(Source records)
◇ ◇ ◇
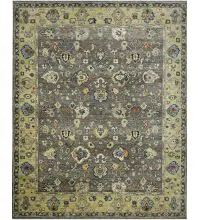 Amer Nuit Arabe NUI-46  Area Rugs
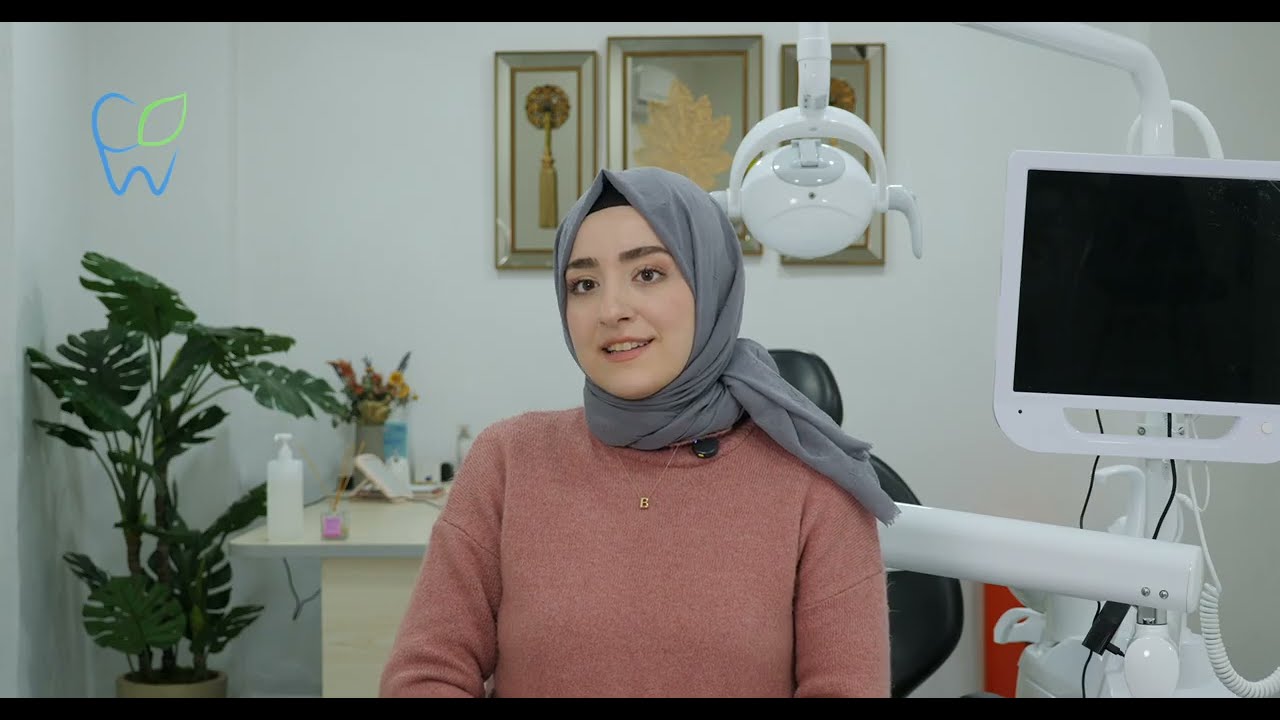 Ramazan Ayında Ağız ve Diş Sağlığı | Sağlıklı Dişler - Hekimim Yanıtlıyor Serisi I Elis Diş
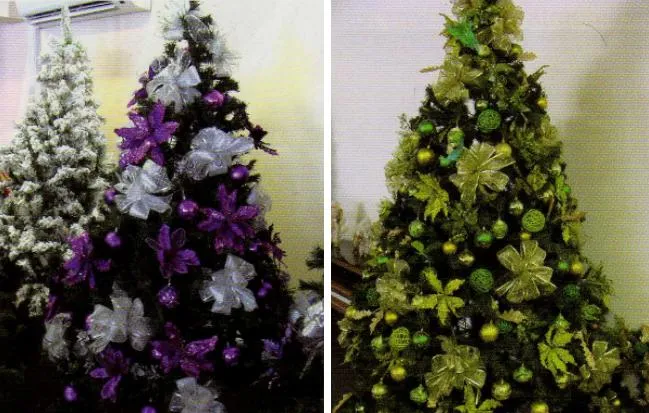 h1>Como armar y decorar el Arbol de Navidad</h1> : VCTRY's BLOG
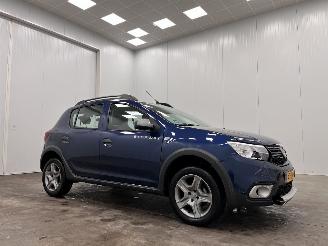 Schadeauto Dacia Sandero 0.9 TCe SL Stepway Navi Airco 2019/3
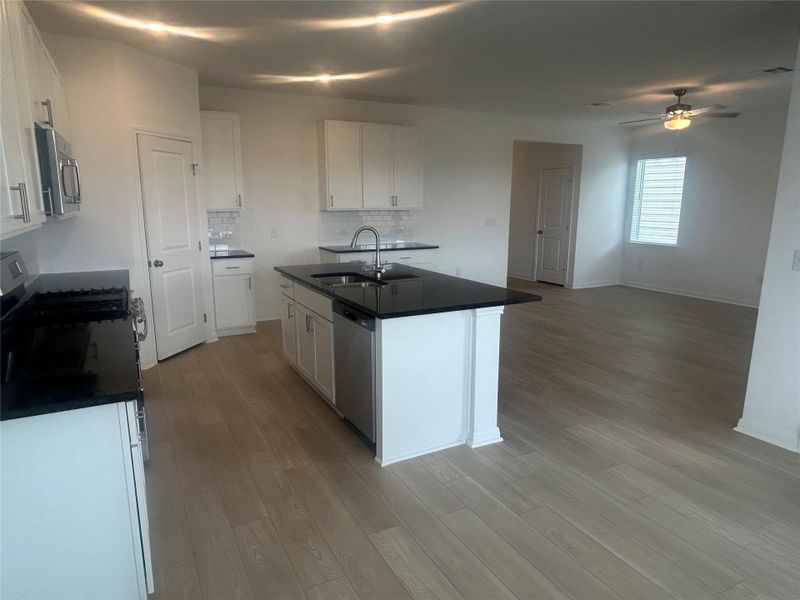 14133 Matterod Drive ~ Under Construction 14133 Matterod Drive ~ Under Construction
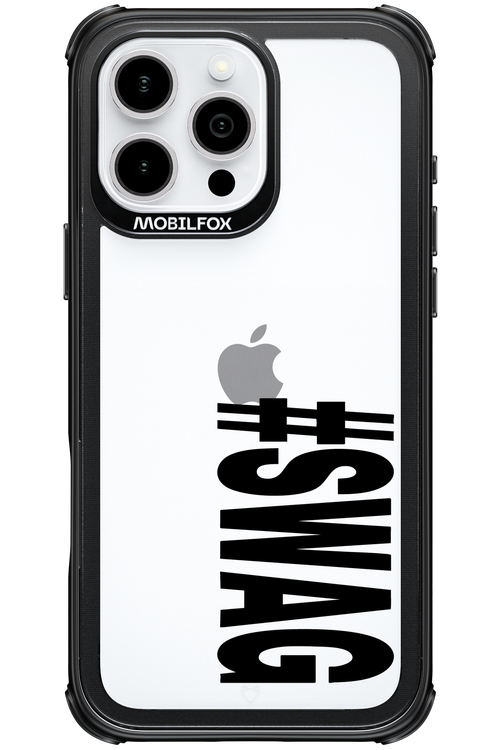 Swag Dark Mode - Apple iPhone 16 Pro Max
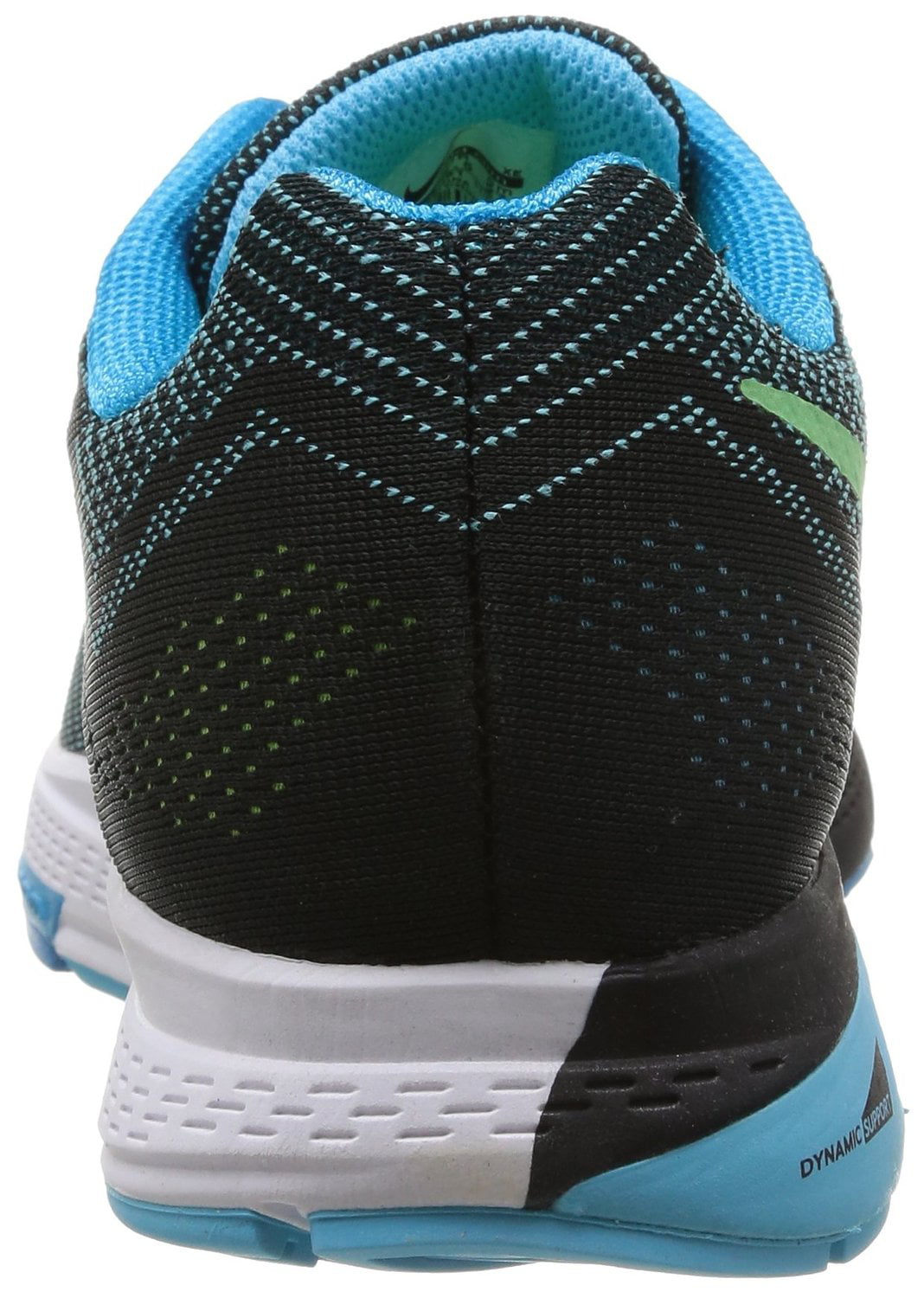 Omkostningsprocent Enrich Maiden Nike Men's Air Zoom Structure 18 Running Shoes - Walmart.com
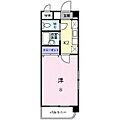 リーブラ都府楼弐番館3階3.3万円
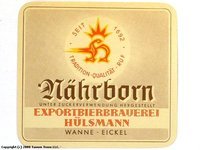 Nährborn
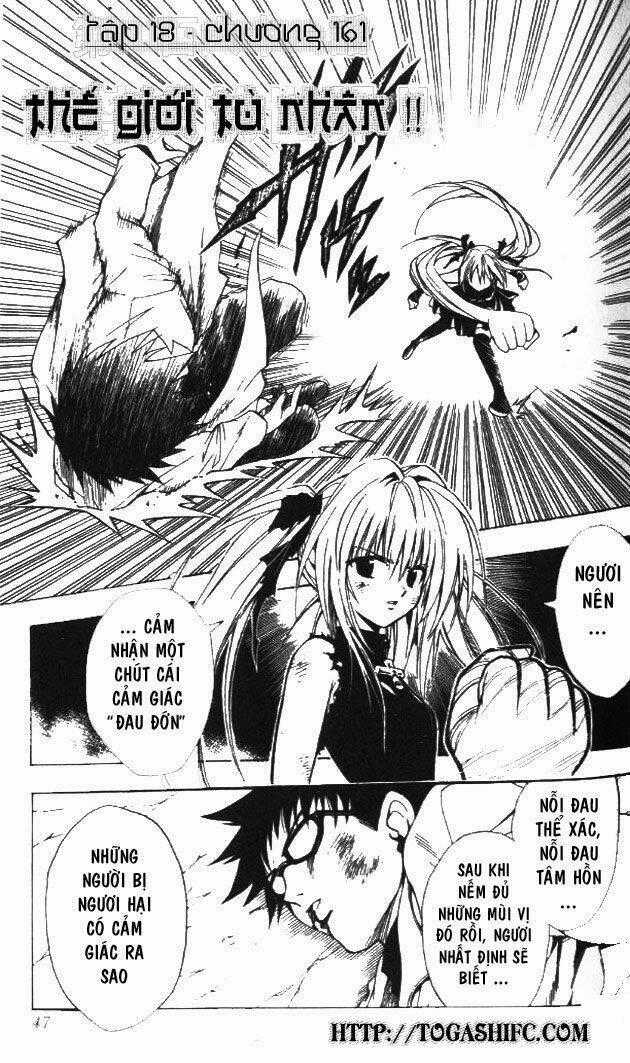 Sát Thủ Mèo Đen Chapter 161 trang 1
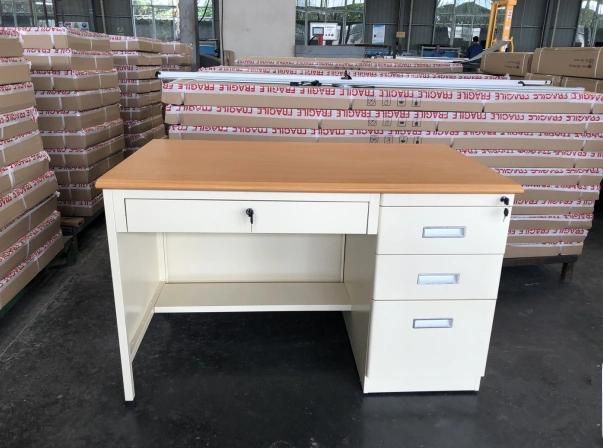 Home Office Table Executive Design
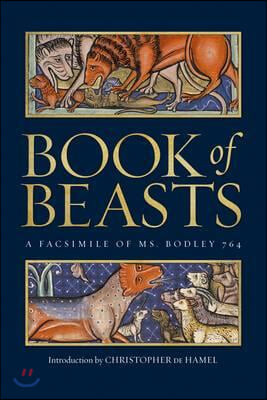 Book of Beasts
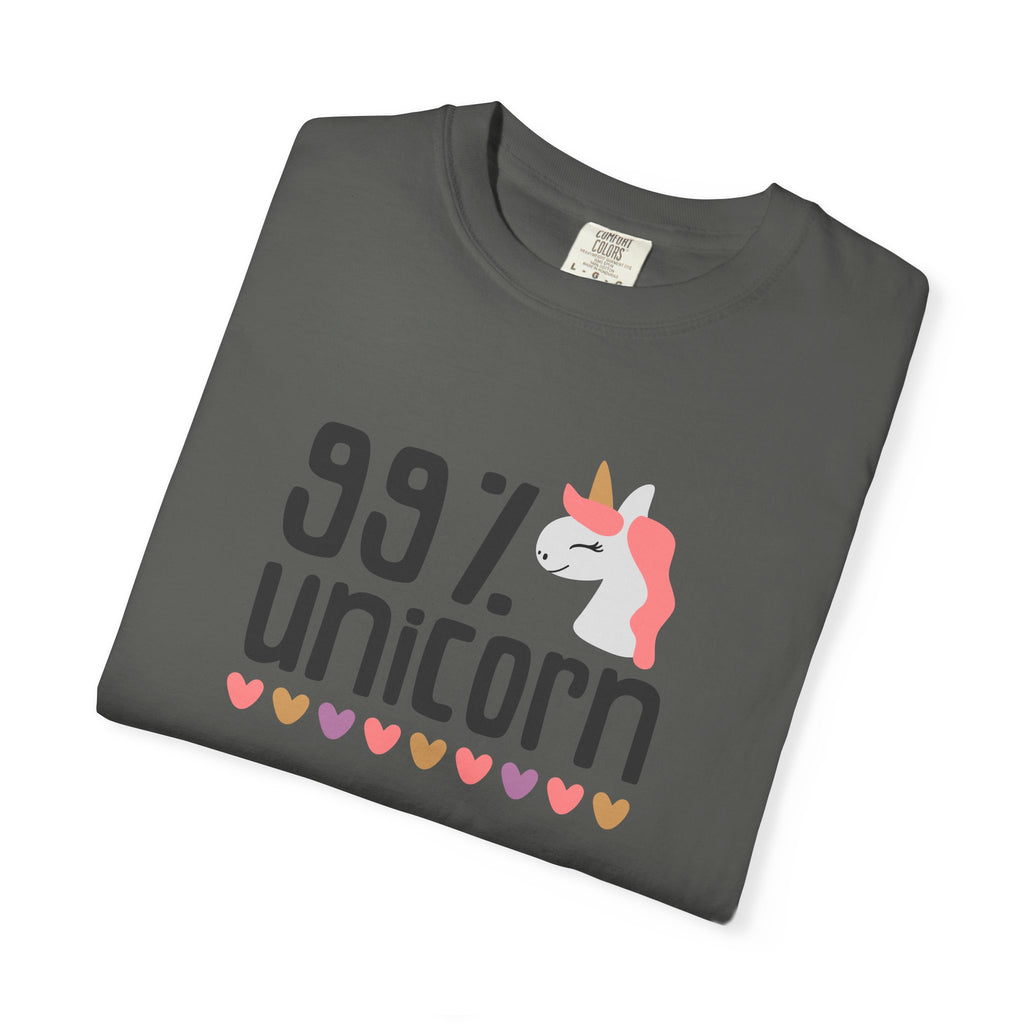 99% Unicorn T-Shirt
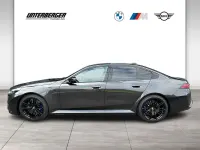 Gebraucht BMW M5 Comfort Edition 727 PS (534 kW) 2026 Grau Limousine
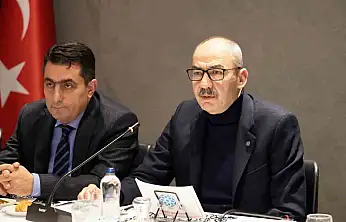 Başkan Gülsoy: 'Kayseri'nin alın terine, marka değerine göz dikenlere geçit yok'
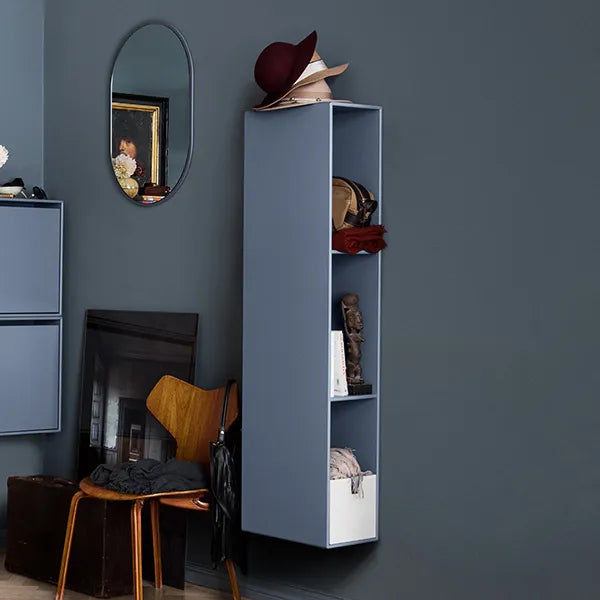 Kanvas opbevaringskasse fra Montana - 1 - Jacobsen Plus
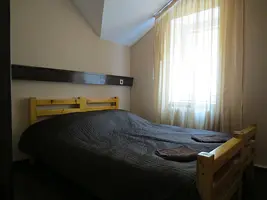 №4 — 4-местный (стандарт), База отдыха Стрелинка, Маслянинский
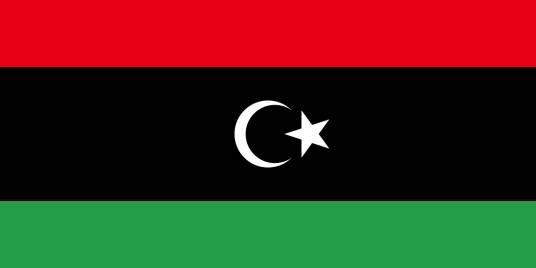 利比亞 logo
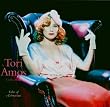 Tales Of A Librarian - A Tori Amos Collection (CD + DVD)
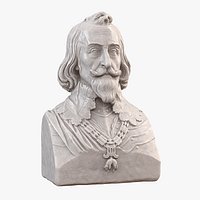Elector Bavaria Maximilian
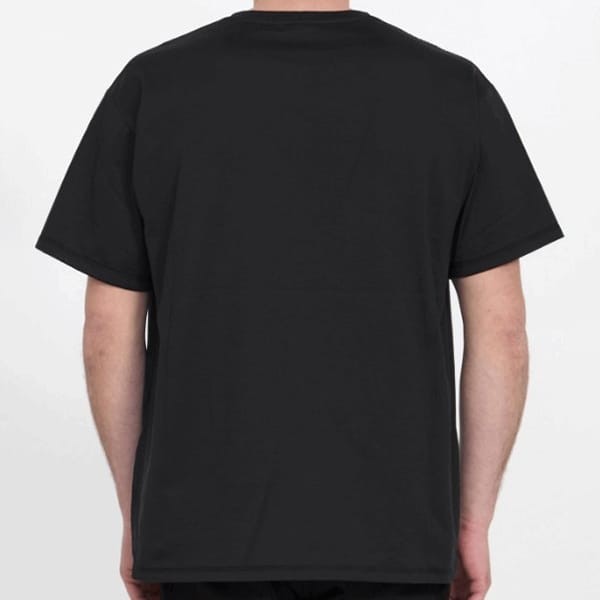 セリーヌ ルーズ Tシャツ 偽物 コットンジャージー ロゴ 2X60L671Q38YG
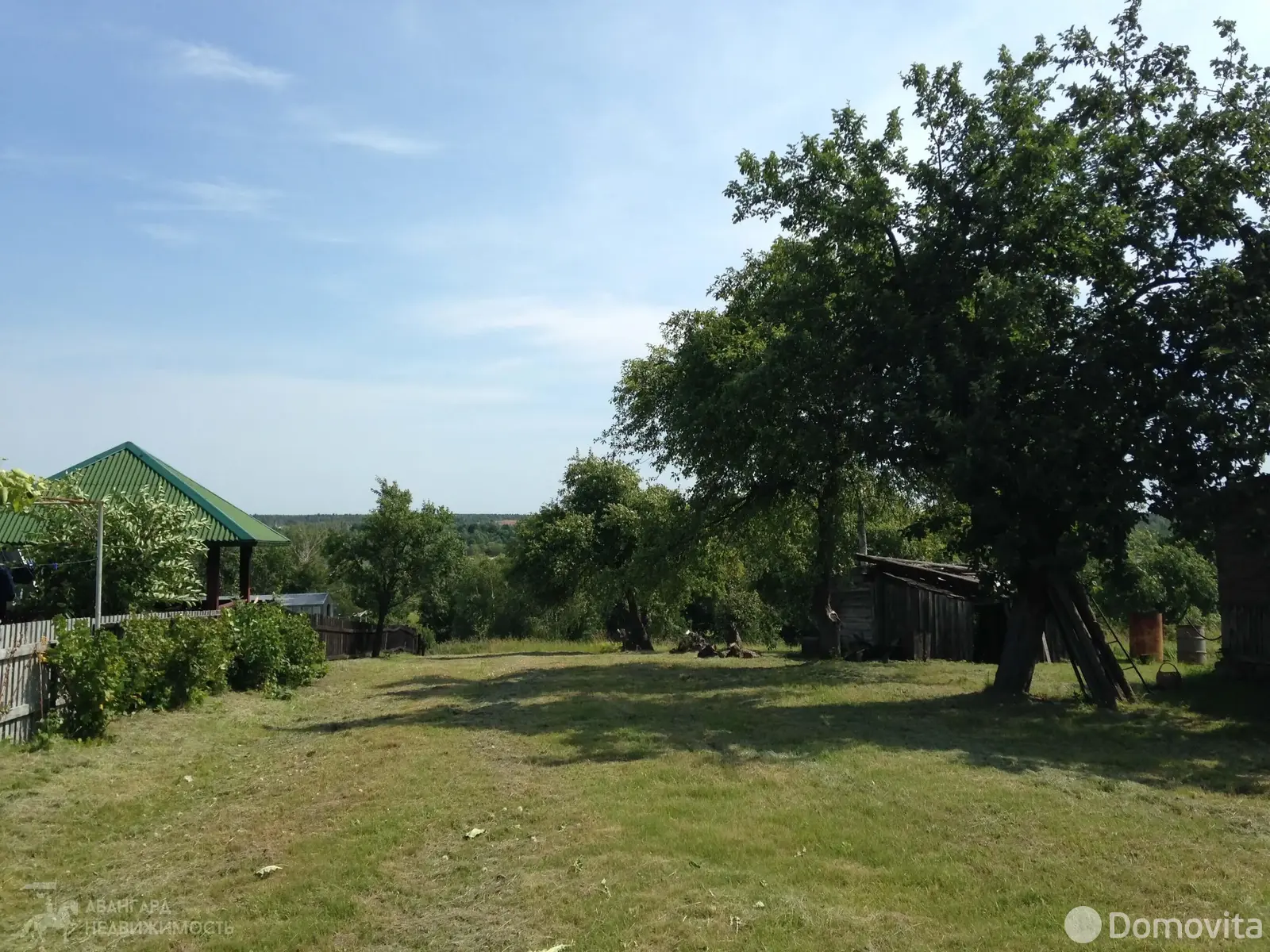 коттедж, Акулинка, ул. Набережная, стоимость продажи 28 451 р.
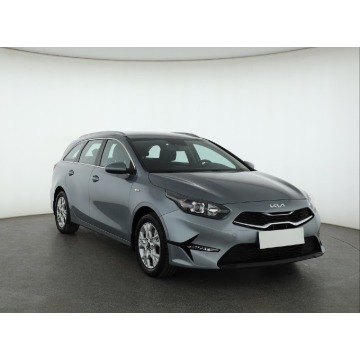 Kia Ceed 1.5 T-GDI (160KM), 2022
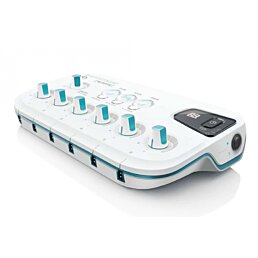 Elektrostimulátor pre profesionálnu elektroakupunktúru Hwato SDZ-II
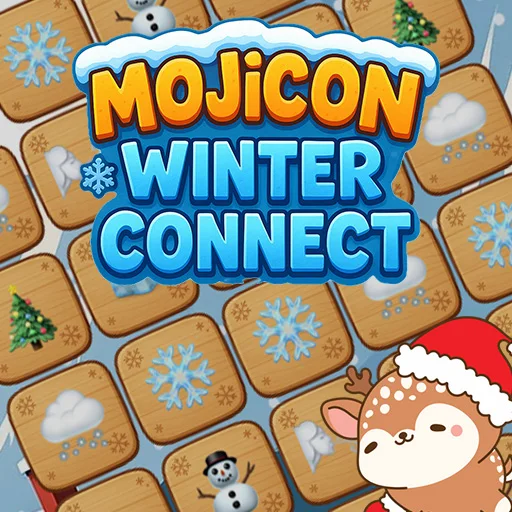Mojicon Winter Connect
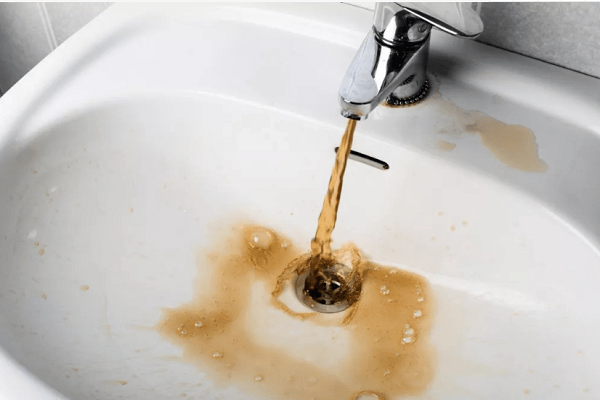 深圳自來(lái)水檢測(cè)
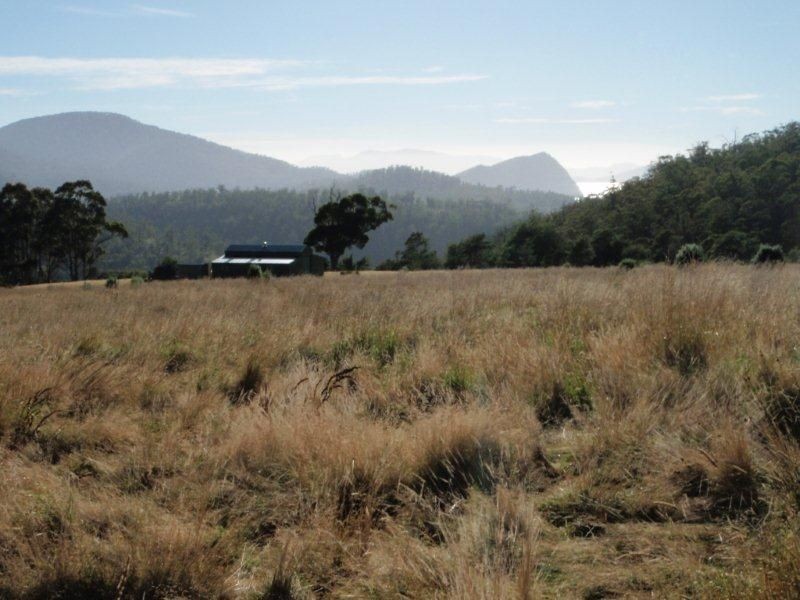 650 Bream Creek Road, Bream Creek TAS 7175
◇ ◇ ◇
**Problem description**
What's needed is an exact copy of the lines above from the one with "Kanvas opbevaringskasse fra" through the one with "Elektrostimulátor pre profesionálnu", both included; the pictures stay out.

**Response area**
 Kanvas opbevaringskasse fra Montana - 1 - Jacobsen Plus
 №4 — 4-местный (стандарт), База отдыха Стрелинка, Маслянинский
 利比亞 logo
 Tales Of A Librarian - A Tori Amos Collection (CD + DVD)
Elector Bavaria Maximilian
 セリーヌ ルーズ Tシャツ 偽物 コットンジャージー ロゴ 2X60L671Q38YG
 коттедж, Акулинка, ул. Набережная, стоимость продажи 28 451 р.
 Kia Ceed 1.5 T-GDI (160KM), 2022
 Elektrostimulátor pre profesionálnu elektroakupunktúru Hwato SDZ-II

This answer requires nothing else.